Mais il y a aussi une autre chose qui m’a convaincue de travailler dans la santé. Un jour, quand j'avais 13 ans, je suis allée à l'Hôpital National pour apporter quelque chose à manger à ma grande sœur qui était de garde au service maternité. Quand je suis arrivée, j’ai vu une fille dans le couloir qui marchait difficilement. Elle avait un tuyau à la main, et elle marchait en s’appuyant sur un bâton et sa maman était là pour l’aider. J’ai remarqué qu’elle n'avançait pas vite, et qu’il y avait de l'eau qui suintait à son passage. Elle pleurait et tremblait, je sentais qu’elle avait très mal. Quand ma grande sœur est arrivée, et je lui ai demandé ce qu’elle avait, cette petite-là. Elle m’a expliqué: « Ce n'est pas une petite, mais une nouvelle mère. Elle vient d’accoucher mais maintenant elle a la fistule, donc elle n’arrive plus à retenir ses urines. En plus, son bébé est mort. »

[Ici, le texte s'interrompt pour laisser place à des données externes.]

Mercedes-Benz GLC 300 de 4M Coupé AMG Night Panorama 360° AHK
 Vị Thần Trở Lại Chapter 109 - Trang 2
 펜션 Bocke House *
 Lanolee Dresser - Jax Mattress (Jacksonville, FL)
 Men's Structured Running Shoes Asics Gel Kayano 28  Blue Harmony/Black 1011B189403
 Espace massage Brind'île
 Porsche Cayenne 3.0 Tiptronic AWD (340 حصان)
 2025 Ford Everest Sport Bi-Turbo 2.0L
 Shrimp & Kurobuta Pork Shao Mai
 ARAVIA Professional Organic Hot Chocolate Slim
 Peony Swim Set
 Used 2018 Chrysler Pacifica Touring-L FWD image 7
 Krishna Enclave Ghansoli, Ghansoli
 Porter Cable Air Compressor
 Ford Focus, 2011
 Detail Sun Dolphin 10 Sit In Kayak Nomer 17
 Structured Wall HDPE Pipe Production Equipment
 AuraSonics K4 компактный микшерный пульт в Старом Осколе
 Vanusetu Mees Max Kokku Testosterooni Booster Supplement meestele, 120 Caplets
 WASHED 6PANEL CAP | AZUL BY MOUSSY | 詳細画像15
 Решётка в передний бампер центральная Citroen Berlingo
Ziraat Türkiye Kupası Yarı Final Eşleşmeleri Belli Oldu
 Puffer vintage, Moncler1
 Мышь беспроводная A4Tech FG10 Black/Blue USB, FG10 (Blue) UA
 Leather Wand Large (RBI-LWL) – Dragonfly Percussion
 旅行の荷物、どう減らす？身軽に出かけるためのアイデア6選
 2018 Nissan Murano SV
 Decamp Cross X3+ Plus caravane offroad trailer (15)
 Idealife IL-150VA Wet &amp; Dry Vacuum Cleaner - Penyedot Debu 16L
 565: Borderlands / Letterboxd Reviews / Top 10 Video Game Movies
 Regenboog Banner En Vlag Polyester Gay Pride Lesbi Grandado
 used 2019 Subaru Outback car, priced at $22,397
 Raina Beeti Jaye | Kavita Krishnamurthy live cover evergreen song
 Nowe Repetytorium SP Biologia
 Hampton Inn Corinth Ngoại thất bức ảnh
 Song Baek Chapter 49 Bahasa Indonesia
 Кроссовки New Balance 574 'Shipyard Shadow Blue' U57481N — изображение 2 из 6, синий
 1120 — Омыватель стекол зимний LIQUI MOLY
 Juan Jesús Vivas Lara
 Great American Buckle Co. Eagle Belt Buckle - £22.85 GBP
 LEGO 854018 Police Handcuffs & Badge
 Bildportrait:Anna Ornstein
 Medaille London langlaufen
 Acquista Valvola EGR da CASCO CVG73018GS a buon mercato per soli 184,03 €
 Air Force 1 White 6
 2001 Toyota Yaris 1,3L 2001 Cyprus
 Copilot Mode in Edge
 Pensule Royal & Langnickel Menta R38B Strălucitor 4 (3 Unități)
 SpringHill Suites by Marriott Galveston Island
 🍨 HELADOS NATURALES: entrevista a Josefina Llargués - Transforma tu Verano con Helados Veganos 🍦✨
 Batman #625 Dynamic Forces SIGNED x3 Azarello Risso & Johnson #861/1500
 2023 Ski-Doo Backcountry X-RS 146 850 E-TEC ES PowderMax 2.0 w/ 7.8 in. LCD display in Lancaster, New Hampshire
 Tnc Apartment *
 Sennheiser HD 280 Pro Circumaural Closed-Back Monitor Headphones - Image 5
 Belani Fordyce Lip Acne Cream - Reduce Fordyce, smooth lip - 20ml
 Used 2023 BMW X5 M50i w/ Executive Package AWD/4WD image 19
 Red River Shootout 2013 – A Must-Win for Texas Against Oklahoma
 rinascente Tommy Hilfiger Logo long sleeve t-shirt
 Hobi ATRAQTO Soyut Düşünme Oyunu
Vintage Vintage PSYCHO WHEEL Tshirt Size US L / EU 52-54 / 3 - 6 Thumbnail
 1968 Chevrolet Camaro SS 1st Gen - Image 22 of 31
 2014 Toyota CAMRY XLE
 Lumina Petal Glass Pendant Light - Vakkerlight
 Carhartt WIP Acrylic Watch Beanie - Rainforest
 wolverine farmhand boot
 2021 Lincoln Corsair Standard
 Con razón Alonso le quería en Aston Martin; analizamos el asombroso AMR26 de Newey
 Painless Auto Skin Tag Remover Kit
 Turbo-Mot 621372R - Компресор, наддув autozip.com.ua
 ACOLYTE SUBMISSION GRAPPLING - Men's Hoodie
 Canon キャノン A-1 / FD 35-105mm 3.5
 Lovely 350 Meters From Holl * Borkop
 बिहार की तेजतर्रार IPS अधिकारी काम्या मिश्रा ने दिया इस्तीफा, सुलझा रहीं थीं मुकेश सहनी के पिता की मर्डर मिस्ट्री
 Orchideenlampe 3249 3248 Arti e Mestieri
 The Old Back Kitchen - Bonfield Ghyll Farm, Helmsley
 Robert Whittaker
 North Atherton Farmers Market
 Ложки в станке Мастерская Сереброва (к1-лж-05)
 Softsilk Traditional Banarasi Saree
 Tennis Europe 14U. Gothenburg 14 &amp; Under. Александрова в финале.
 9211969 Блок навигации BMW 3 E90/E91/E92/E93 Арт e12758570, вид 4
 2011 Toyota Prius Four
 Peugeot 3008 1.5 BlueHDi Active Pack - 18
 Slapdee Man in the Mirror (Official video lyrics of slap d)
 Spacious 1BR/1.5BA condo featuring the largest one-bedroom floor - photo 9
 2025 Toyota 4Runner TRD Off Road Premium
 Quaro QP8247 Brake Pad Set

Ça m'a choquée de voir une petite fille toute maigre et plus jeune que moi, qui déjà mariée et avait accouché d'un enfant mort, et maintenant était malade. Moi, la fille de fonctionnaire, j’étais très forte et bien nourrie, mais elle, qui venait de la brousse, elle souffrait et ne pouvait pas retenir ses urines. Je me suis dit là, il y a un problème.
Alors, ça m'a guidée. Arrivée à la maison, j’en ai parlé à mon papa et je lui ai posé beaucoup de questions. J’ai appris que quand l'accouchement est difficile, l'enfant meurt et la femme meurt. Il m’a dit : « cette petite fille, c'est une rescapée de la mort ». J'ai gardé ça en tête, et j’ai dit, moi je vais faire la santé. Au total, j’ai travaillé dans le secteur de la santé pendant 25 ans: huit ans en tant qu’infirmière et sage-femme le reste du temps.
Dans la seconde partie, nous parlerons de la carrière de Mme Traoré dans la santé publique. Cliquez ici pour lire la conversation.
Lisez plus sur la fistule obstétricale ici: Fistule obstétricale | Fonds des Nations Unies pour la population (unfpa.org)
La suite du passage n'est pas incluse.